• _Task to complete_: In your answer, set down the records below exactly as they stand, omitting pictures.
Start of Block
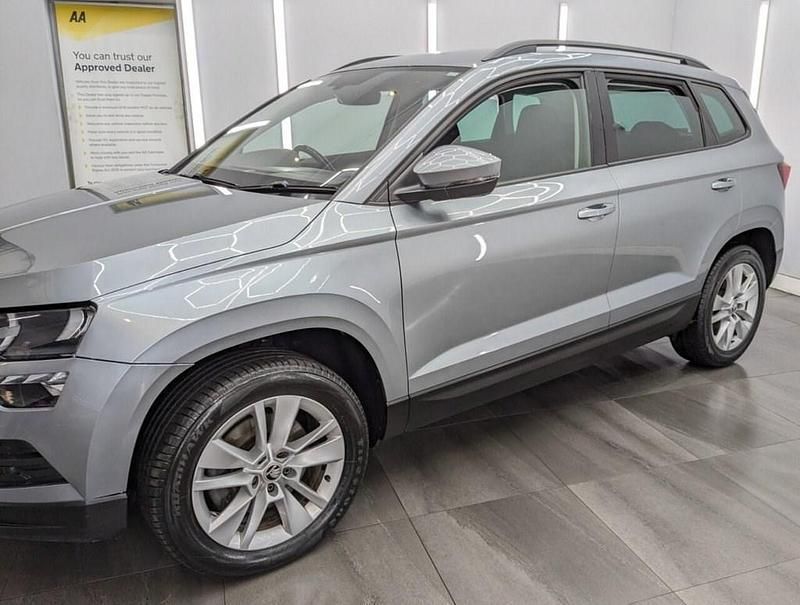 Used Skoda Karoq SE Technology 150 HP (110 kW) 2018 Grey SUV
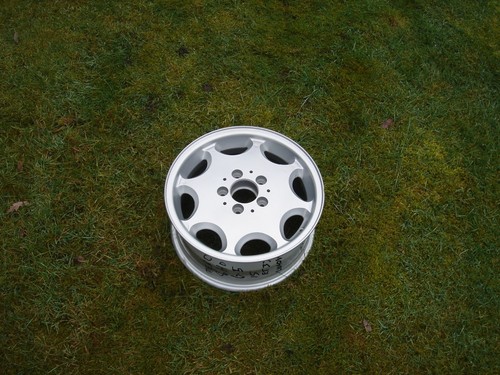 Mercedes alloy wheel - mercedes, 15"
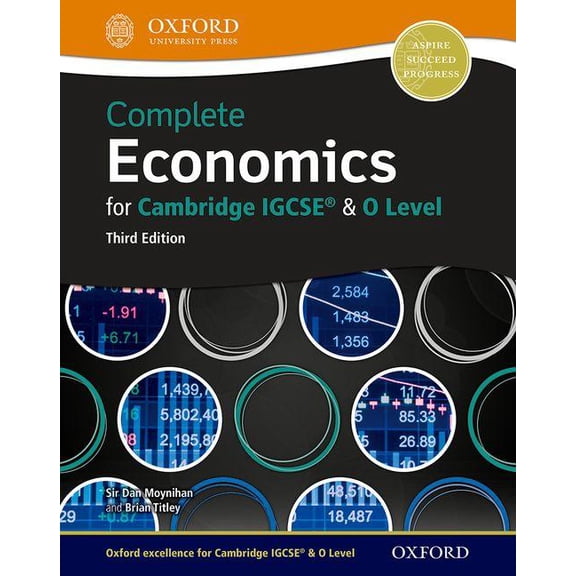 Complete Economics for Cambridge Igcse and O Level Student Book 3rd Edition, (Paperback)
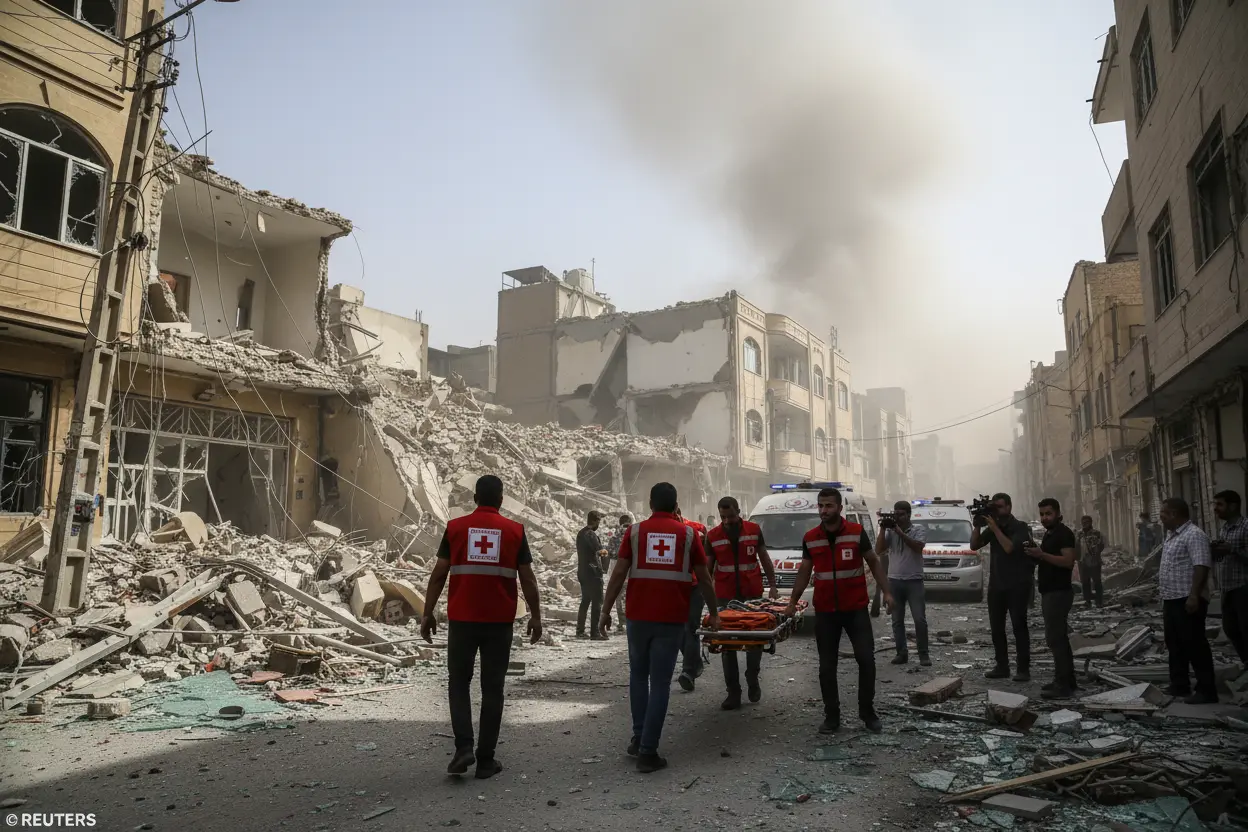 米・イスラエル侵攻で140,528か所被害、IRCSが6,000件救助—123,000棟超の住宅損壊!?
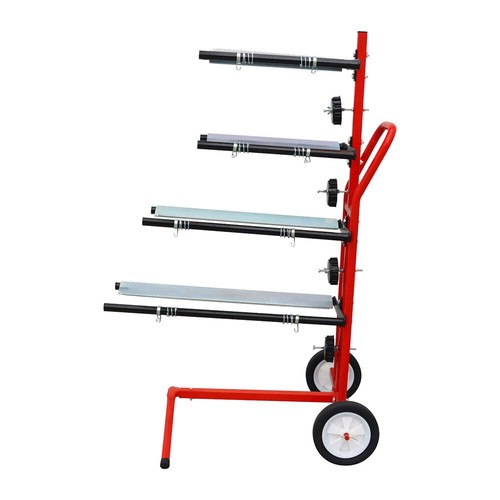 Auto Body Masking Paper Dispenser 4Layer HeavyDuty Paper Cutting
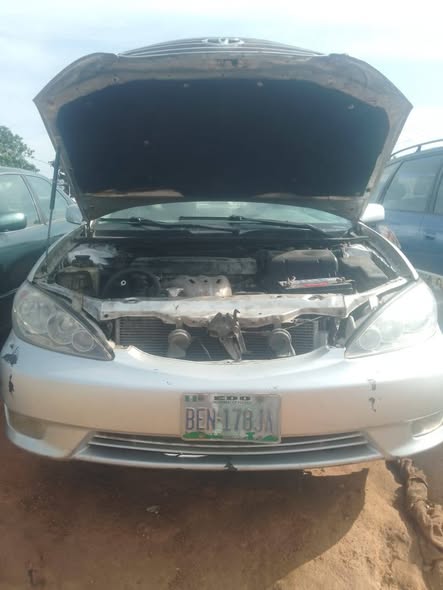 A picture of A DISTRESS DISTRESS FIRST BODY TOYOTA CAMRY BIG DADDY FOR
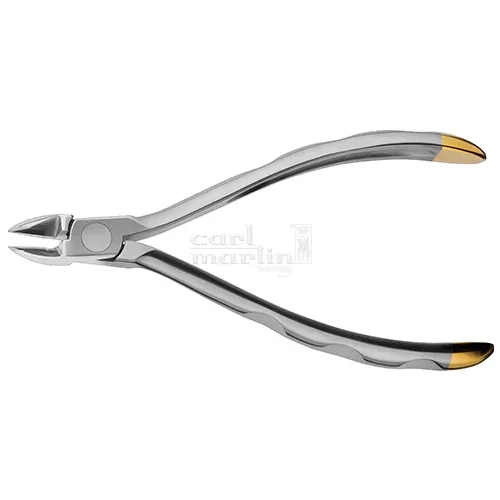 CARL MARTIN HARD LOCK PIN LIGATURE CUTTER MINI 15° TANG MET TC INSERTS OLS-1133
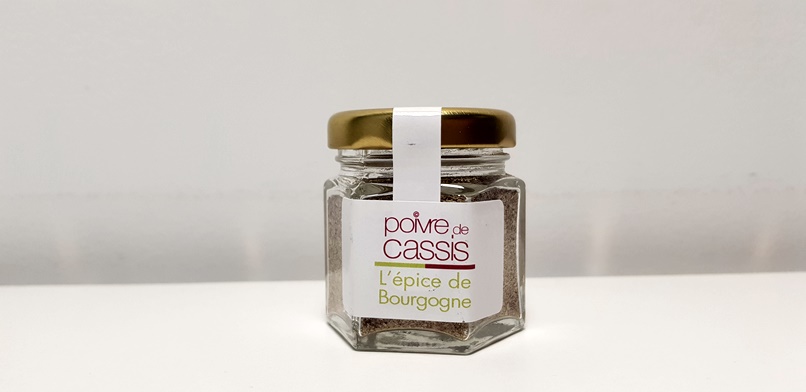 Poivre au  cassis
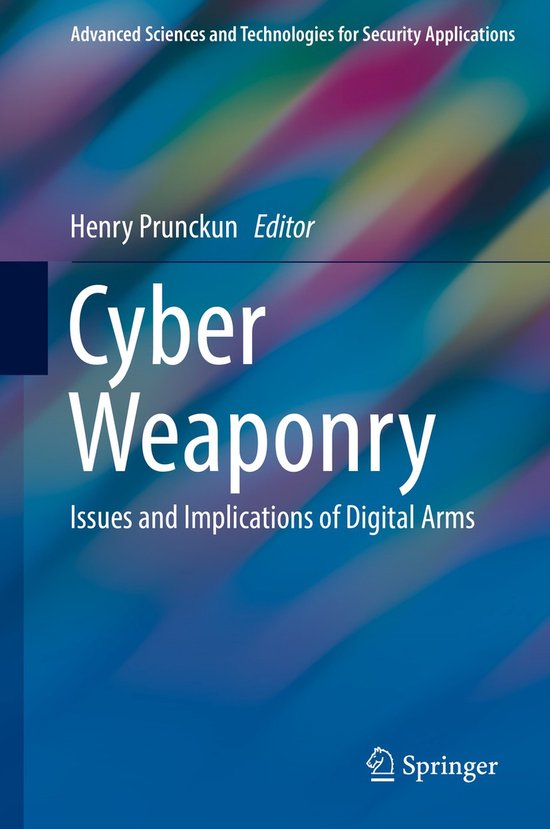 Cyber Weaponry - cover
End of Block
• _Answer for this exercise_:
 Used Skoda Karoq SE Technology 150 HP (110 kW) 2018 Grey SUV
 Mercedes alloy wheel - mercedes, 15"
 Complete Economics for Cambridge Igcse and O Level Student Book 3rd Edition, (Paperback)
 米・イスラエル侵攻で140,528か所被害、IRCSが6,000件救助—123,000棟超の住宅損壊!?
 Auto Body Masking Paper Dispenser 4Layer HeavyDuty Paper Cutting
 A picture of A DISTRESS DISTRESS FIRST BODY TOYOTA CAMRY BIG DADDY FOR
 CARL MARTIN HARD LOCK PIN LIGATURE CUTTER MINI 15° TANG MET TC INSERTS OLS-1133
 Poivre au  cassis
 Cyber Weaponry - cover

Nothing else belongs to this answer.